Task to complete:
Find the line below with "Top view of" and the line with "A close up of". Output them and the lines between, exactly, but not the pictures.

Data provided:
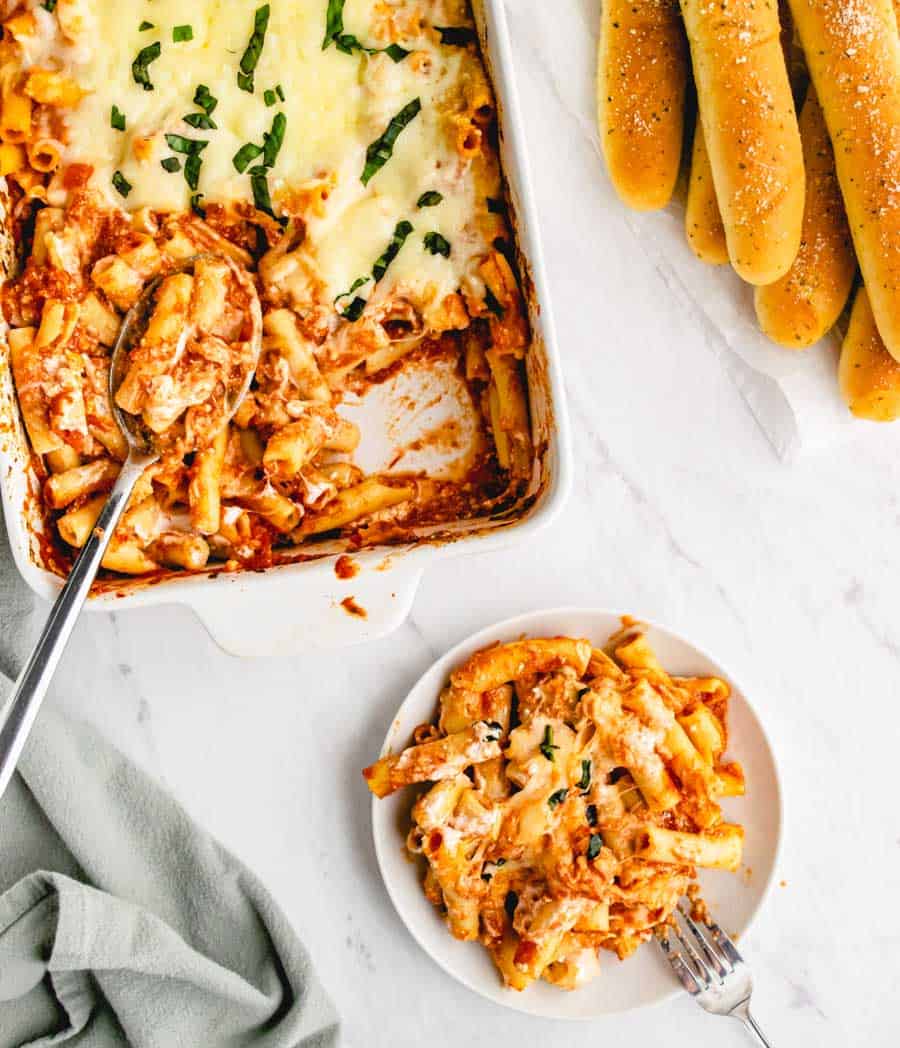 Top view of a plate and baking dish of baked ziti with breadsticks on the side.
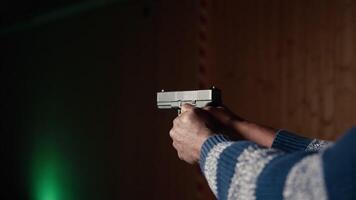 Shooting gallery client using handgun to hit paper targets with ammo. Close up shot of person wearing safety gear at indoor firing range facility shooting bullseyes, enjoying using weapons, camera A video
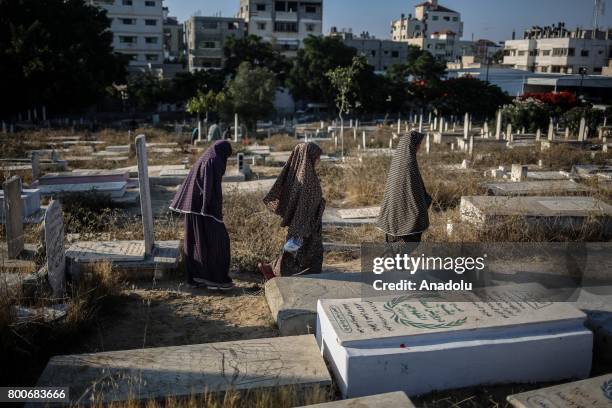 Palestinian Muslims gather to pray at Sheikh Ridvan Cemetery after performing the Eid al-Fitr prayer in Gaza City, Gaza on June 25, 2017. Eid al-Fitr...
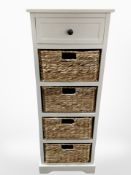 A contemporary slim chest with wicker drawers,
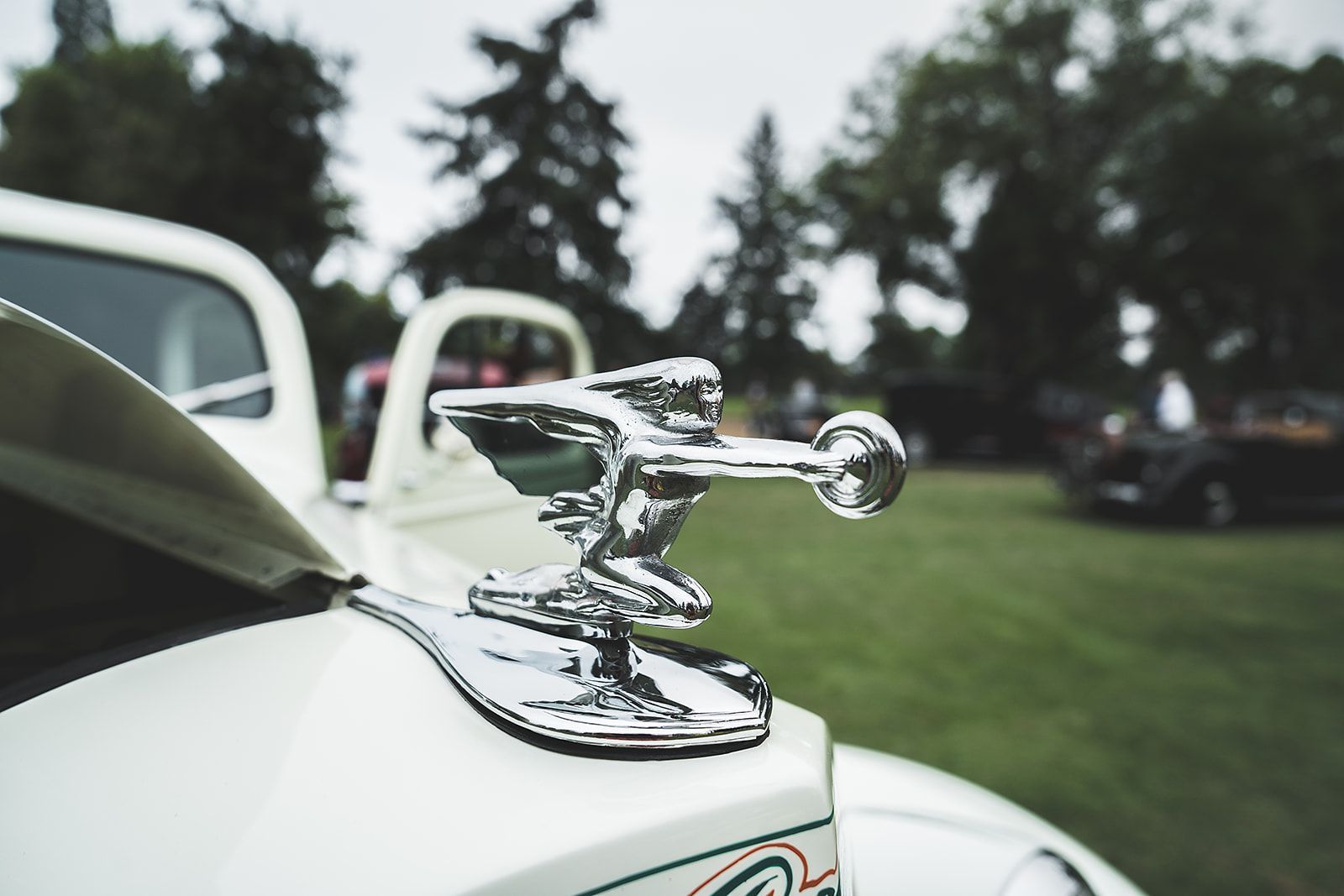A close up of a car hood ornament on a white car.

---

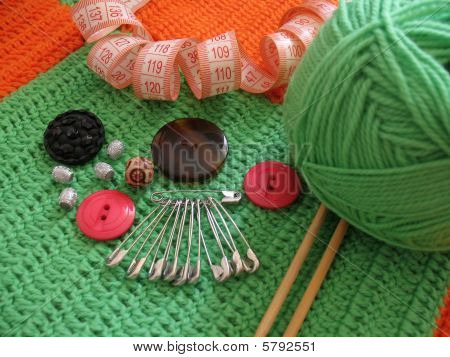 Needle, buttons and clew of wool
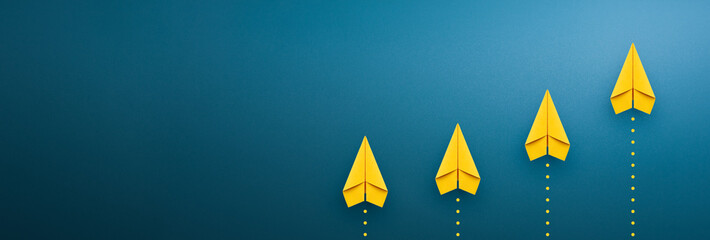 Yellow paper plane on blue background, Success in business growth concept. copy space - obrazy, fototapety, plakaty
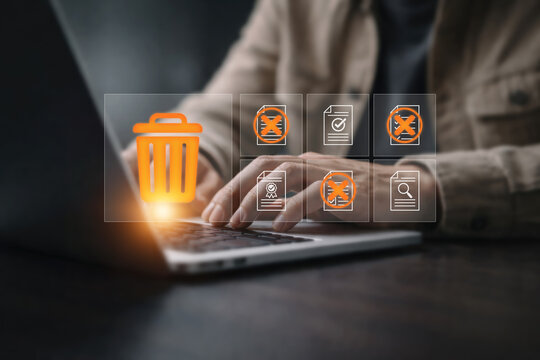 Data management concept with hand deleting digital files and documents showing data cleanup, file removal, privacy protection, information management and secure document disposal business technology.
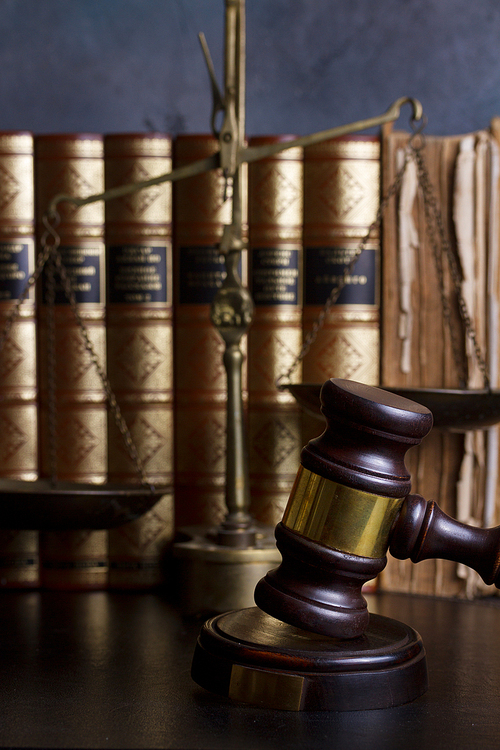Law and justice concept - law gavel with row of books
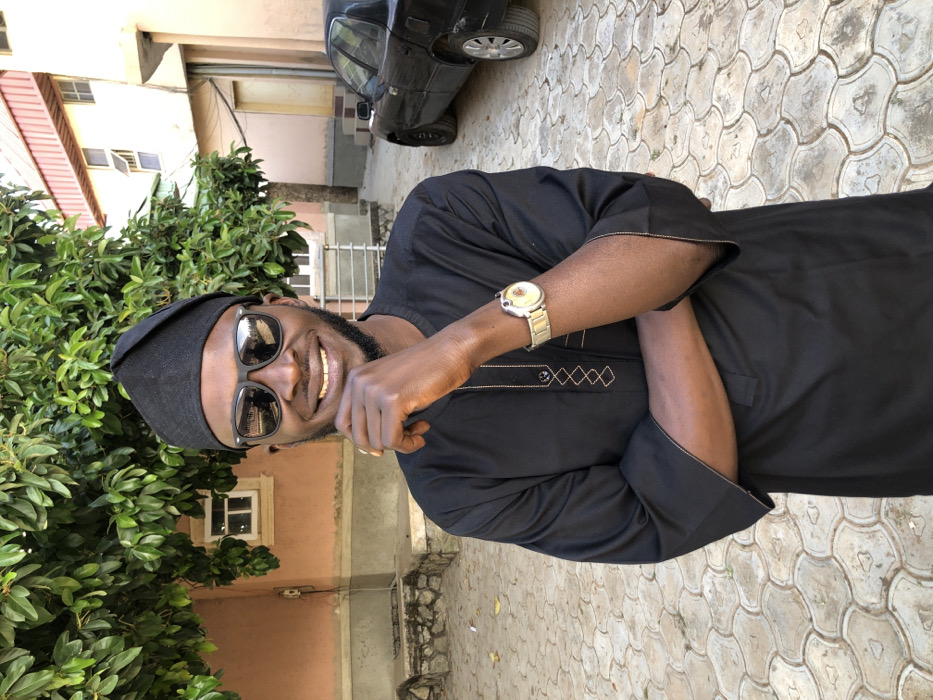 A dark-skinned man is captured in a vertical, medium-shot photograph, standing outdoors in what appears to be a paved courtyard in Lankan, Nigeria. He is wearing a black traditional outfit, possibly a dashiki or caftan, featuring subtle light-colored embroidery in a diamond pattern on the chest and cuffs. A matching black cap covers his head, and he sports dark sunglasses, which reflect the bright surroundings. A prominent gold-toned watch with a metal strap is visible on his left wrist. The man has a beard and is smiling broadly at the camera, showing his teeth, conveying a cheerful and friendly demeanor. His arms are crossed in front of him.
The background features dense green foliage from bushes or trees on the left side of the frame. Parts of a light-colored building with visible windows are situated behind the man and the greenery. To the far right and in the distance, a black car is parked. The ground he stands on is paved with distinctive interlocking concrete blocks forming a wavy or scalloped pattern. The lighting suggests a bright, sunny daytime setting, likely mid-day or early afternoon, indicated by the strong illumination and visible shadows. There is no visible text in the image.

==

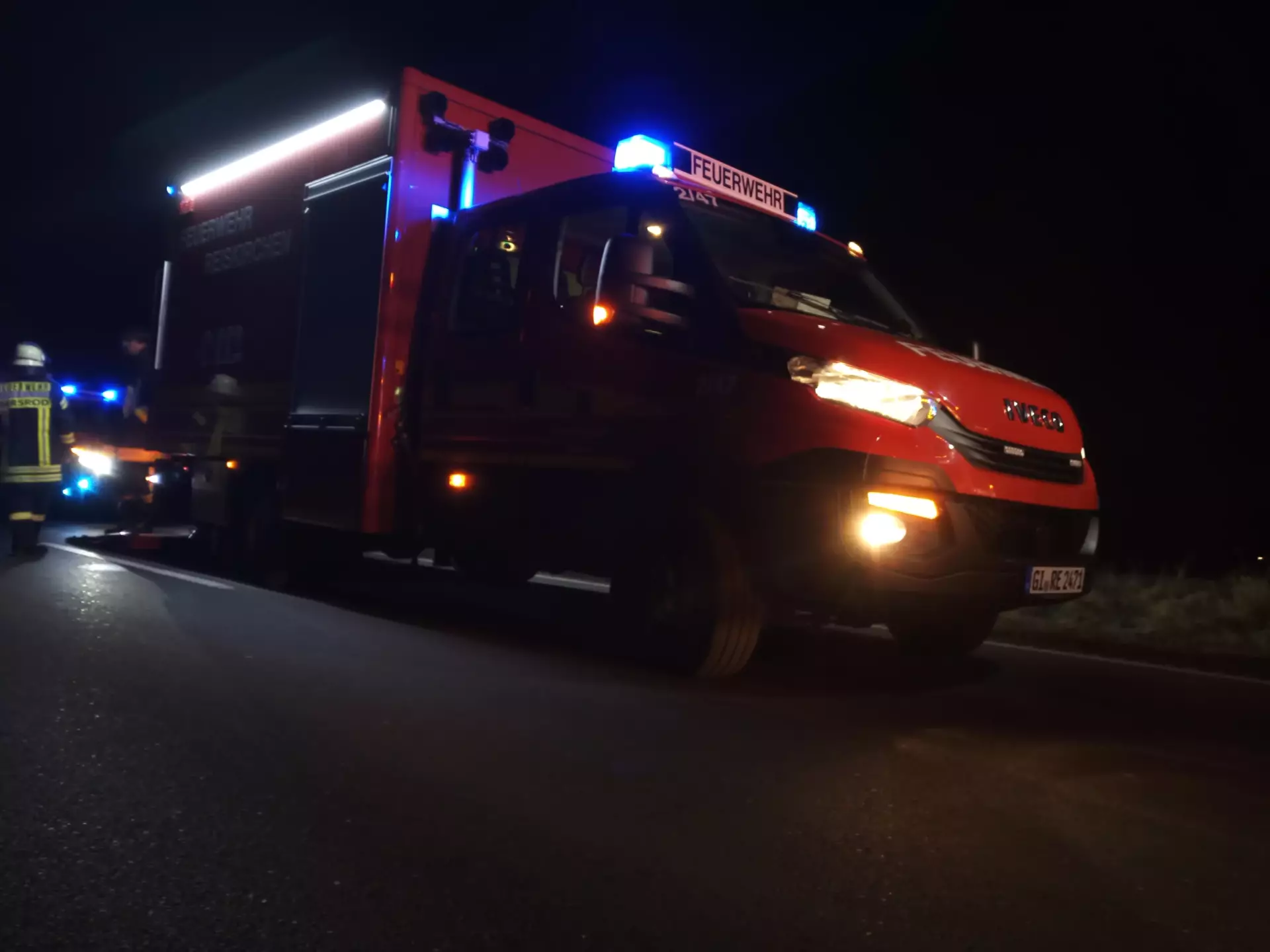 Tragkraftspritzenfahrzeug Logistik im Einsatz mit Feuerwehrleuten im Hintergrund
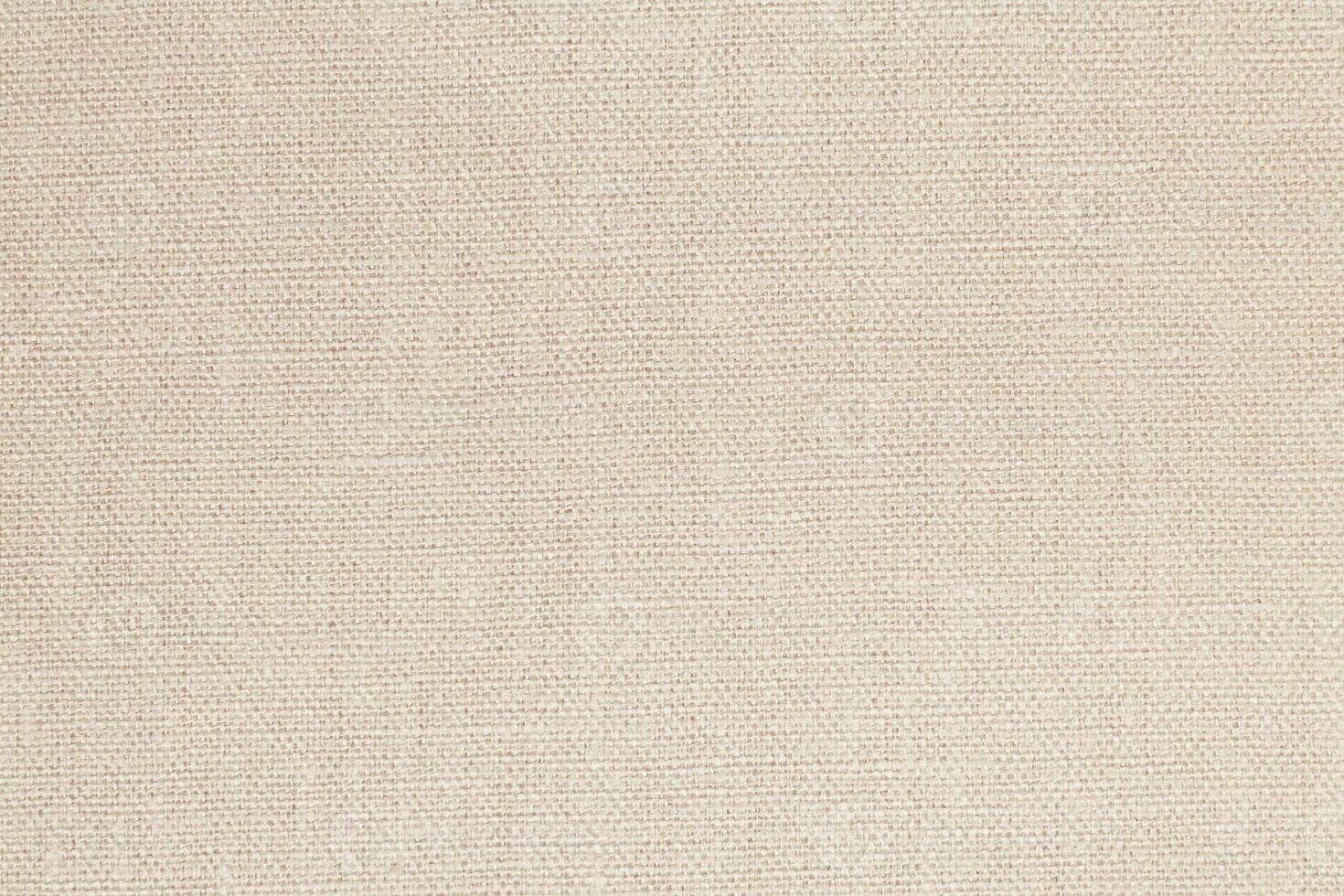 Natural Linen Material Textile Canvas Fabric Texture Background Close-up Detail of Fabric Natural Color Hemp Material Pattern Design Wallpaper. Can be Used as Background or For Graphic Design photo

Expected output:
 Top view of a plate and baking dish of baked ziti with breadsticks on the side.
 Shooting gallery client using handgun to hit paper targets with ammo. Close up shot of person wearing safety gear at indoor firing range facility shooting bullseyes, enjoying using weapons, camera A video
 Palestinian Muslims gather to pray at Sheikh Ridvan Cemetery after performing the Eid al-Fitr prayer in Gaza City, Gaza on June 25, 2017. Eid al-Fitr...
 A contemporary slim chest with wicker drawers,
A close up of a car hood ornament on a white car.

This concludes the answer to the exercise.